◆ **REQUIREMENT**
Please keep pictures out and return the lines below exactly, from the one holding "DAPHNE PU 7cm" through the last, both included.

◆ **AVAILABLE DATA**
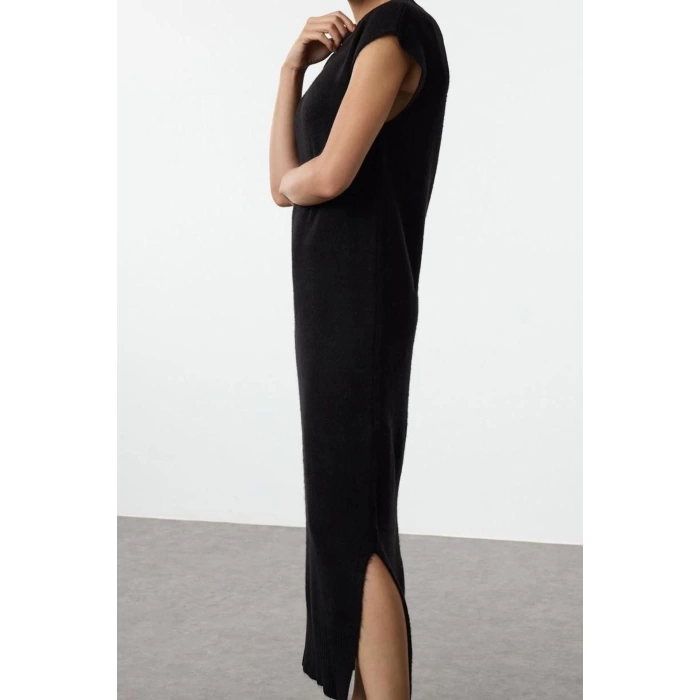 Women Fashion Stylish Maxi Length Crew Neck Regular Knitwear Soft Texture Slit Detailed Vest Dress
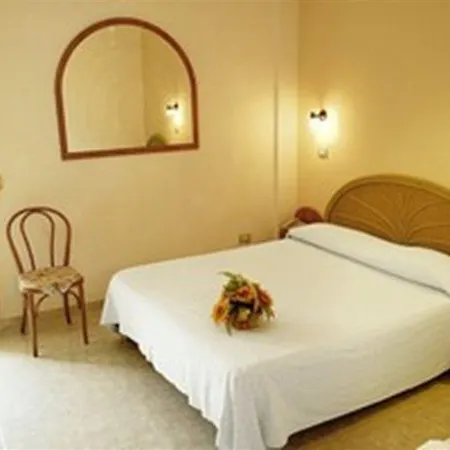 Grotticelle Отель Капо-Ватикано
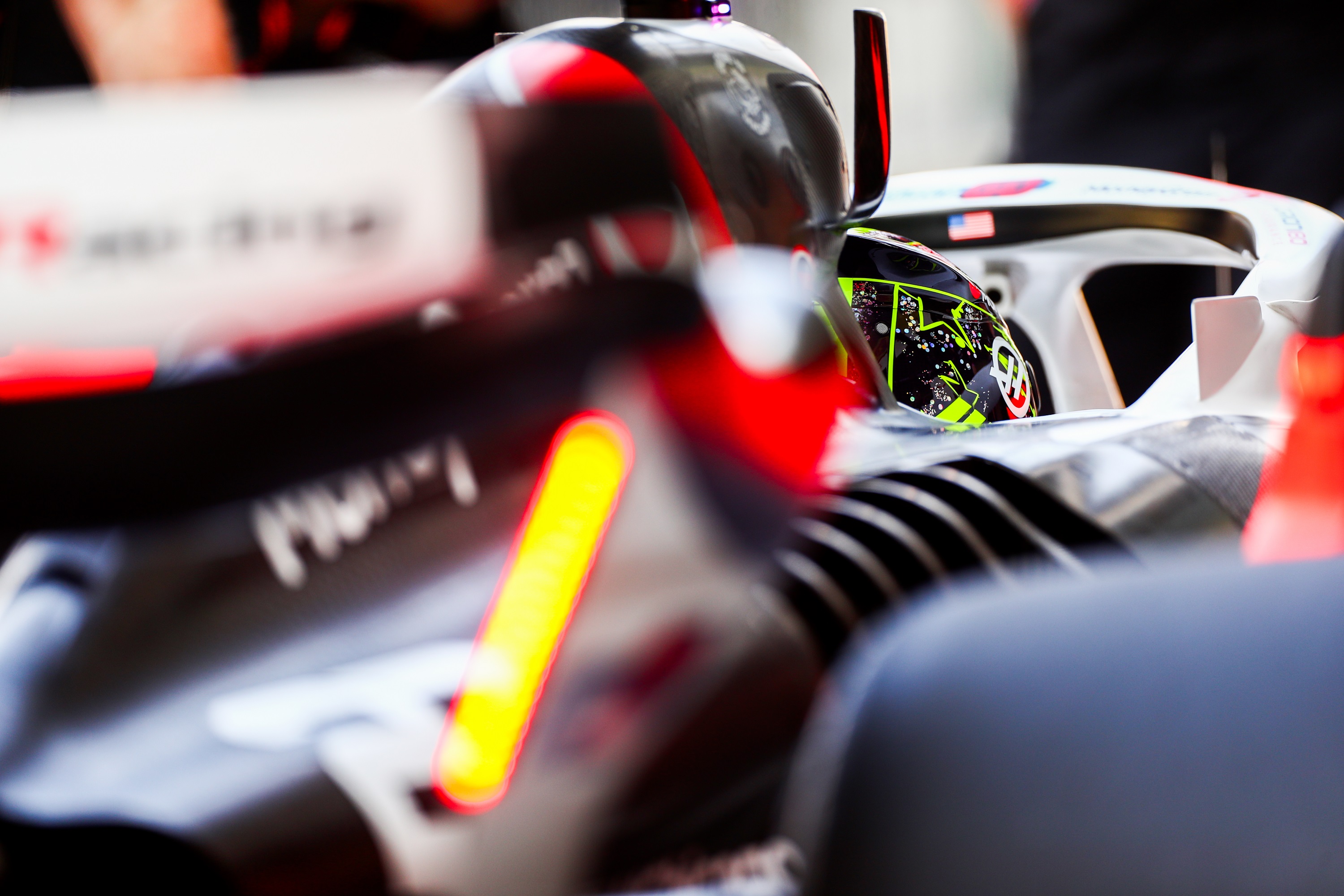 F1: Rajtbüntetés az élmezőnyben a szezonzárón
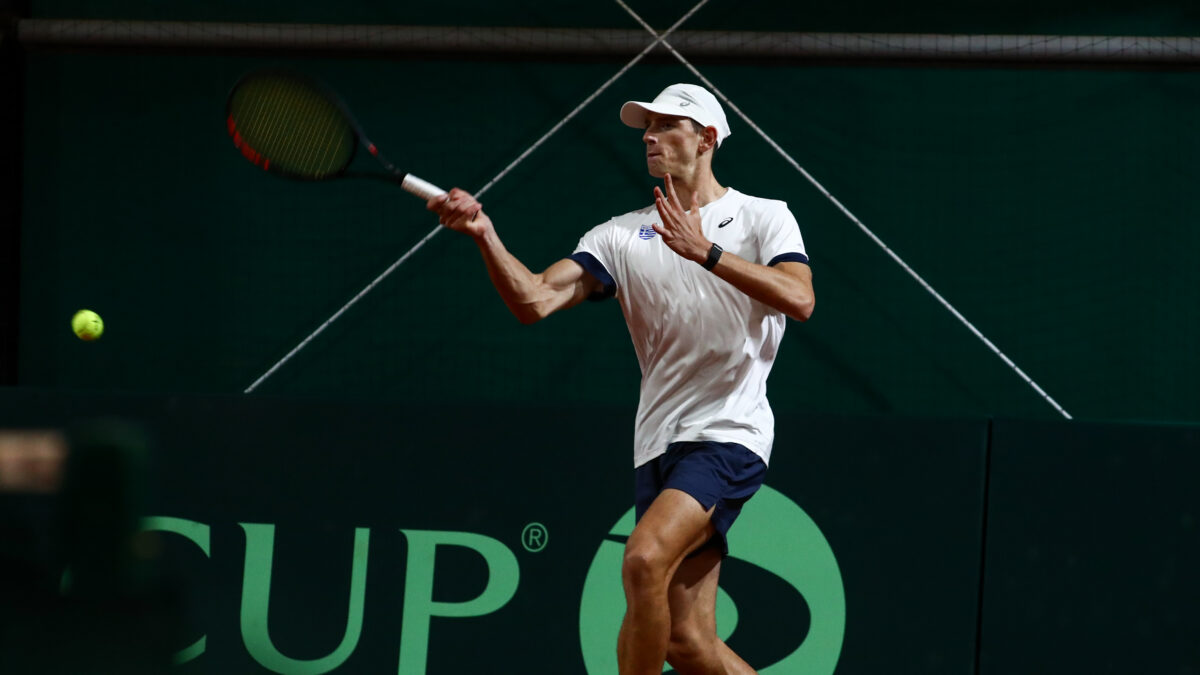 Ο Σακελλαρίδης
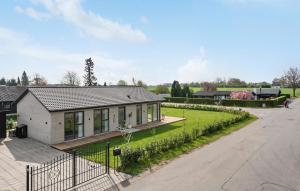 Cozy Home In Strøby With Wifi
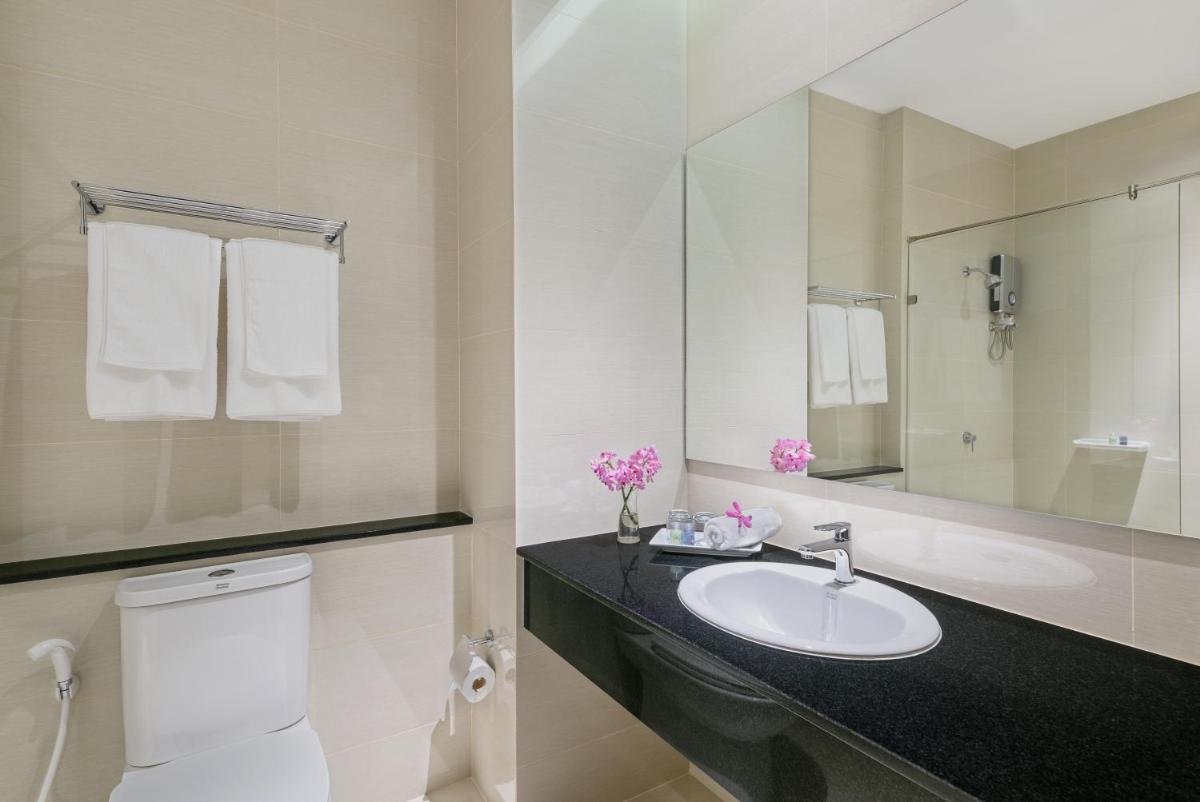 Chainarai Riverside - SHA Plus Certified - Housity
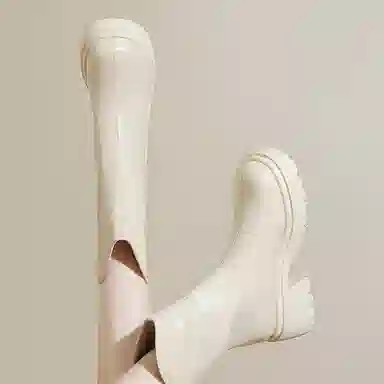 DAPHNE PU 7cm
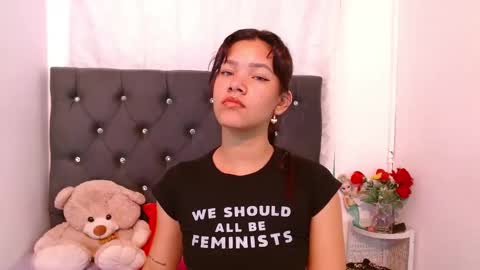 saykimmy online show from November 10, 2025, 6:56 am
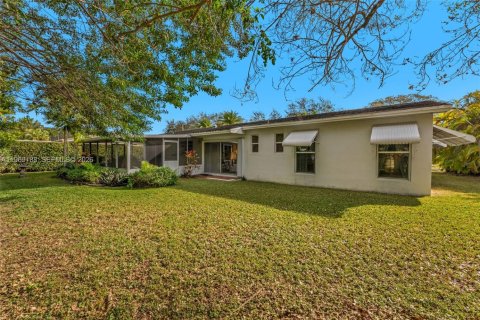 House in Miami, Florida 4 bedrooms, 165.09 sq.m. № 2030288 - photo 18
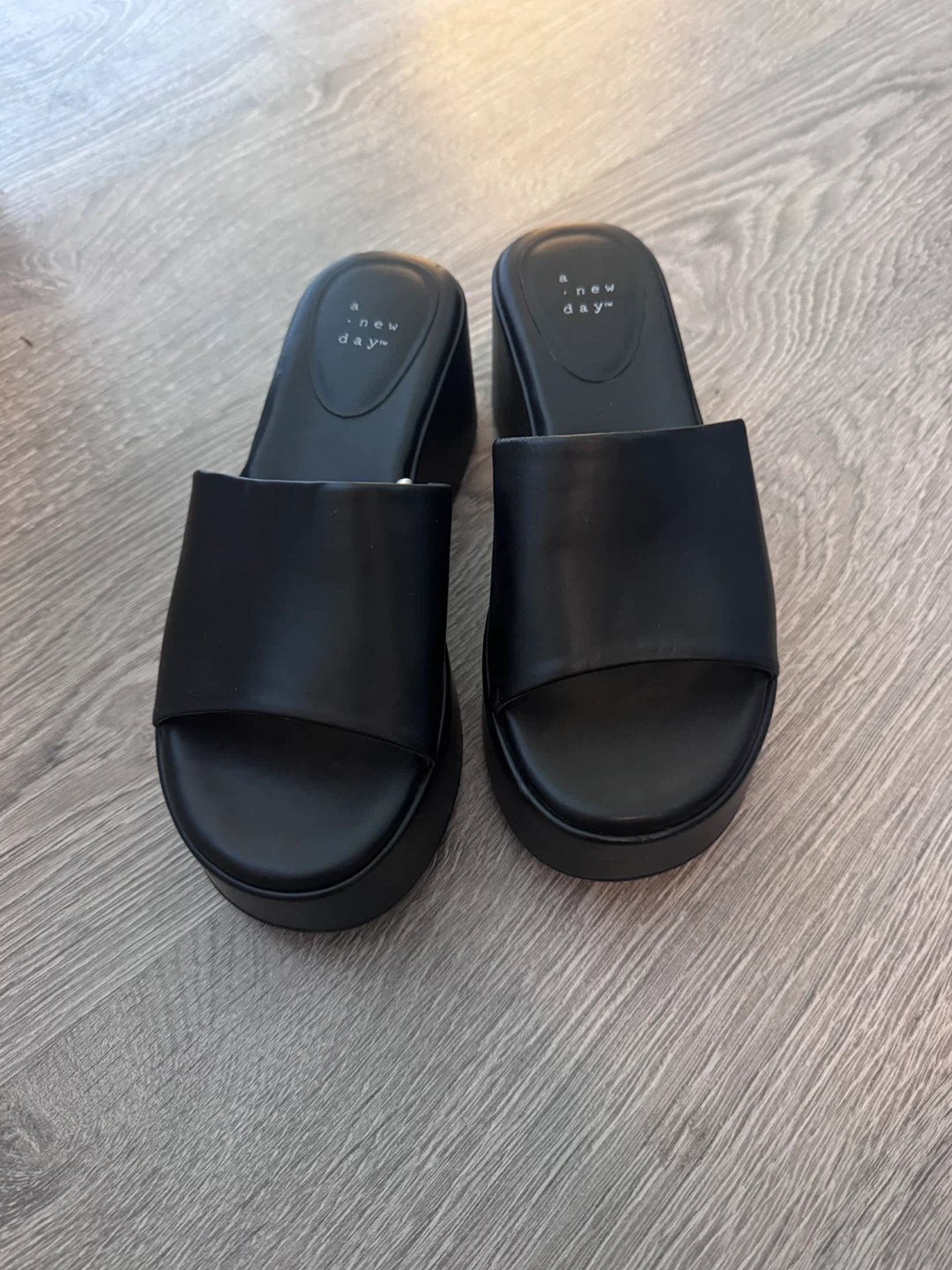 A New Day Black Platform Slide Sandals (size 7)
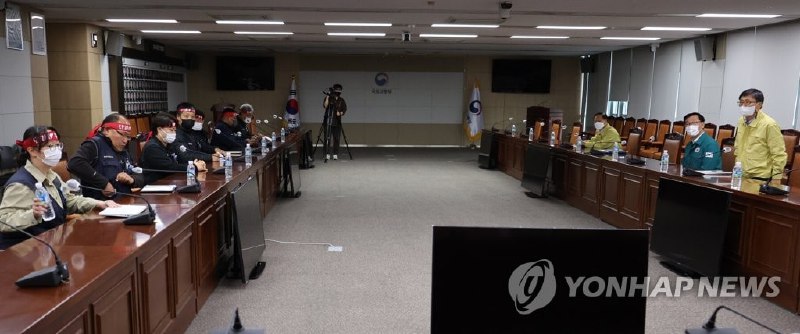 韩国运输业工会“货物连带本部”24日起总罢工，以要求将规定最低运费的“安全运费制”延长并扩大适用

◆ **YOUR RESPONSE**
 DAPHNE PU 7cm
 saykimmy online show from November 10, 2025, 6:56 am
 House in Miami, Florida 4 bedrooms, 165.09 sq.m. № 2030288 - photo 18
 A New Day Black Platform Slide Sandals (size 7)
 韩国运输业工会“货物连带本部”24日起总罢工，以要求将规定最低运费的“安全运费制”延长并扩大适用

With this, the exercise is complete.